The whole listing below must be printed again exactly, images excluded.

START DATA SECTION

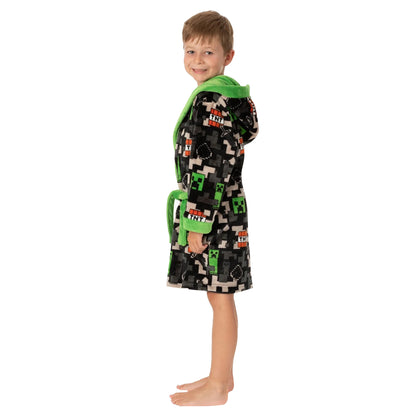 Black-Green-Grey - Pack Shot - Minecraft Boys Creeper TNT Dressing Gown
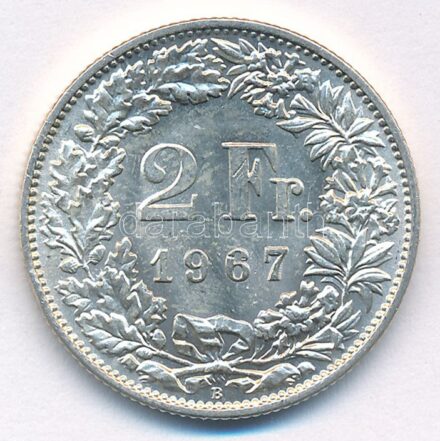 Svájc 1967. 2Fr Ag T:1- Switzerland 1967. 2 Francs Ag C:AU Krause KM#21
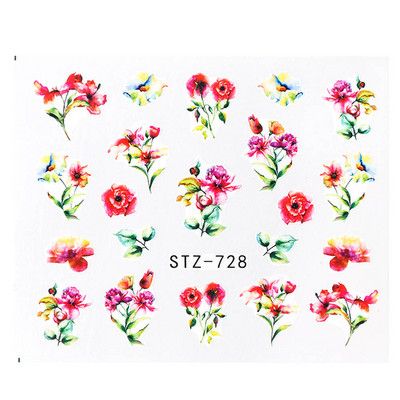 1db Virágos sorozatú matricák körömtervezésre Vízáteresztő matricák Fóliacsomagolások Dekoráció Manikűr barkács csúszka NFA403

END DATA SECTION

TASK RESULT -
 Black-Green-Grey - Pack Shot - Minecraft Boys Creeper TNT Dressing Gown
 Svájc 1967. 2Fr Ag T:1- Switzerland 1967. 2 Francs Ag C:AU Krause KM#21
 1db Virágos sorozatú matricák körömtervezésre Vízáteresztő matricák Fóliacsomagolások Dekoráció Manikűr barkács csúszka NFA403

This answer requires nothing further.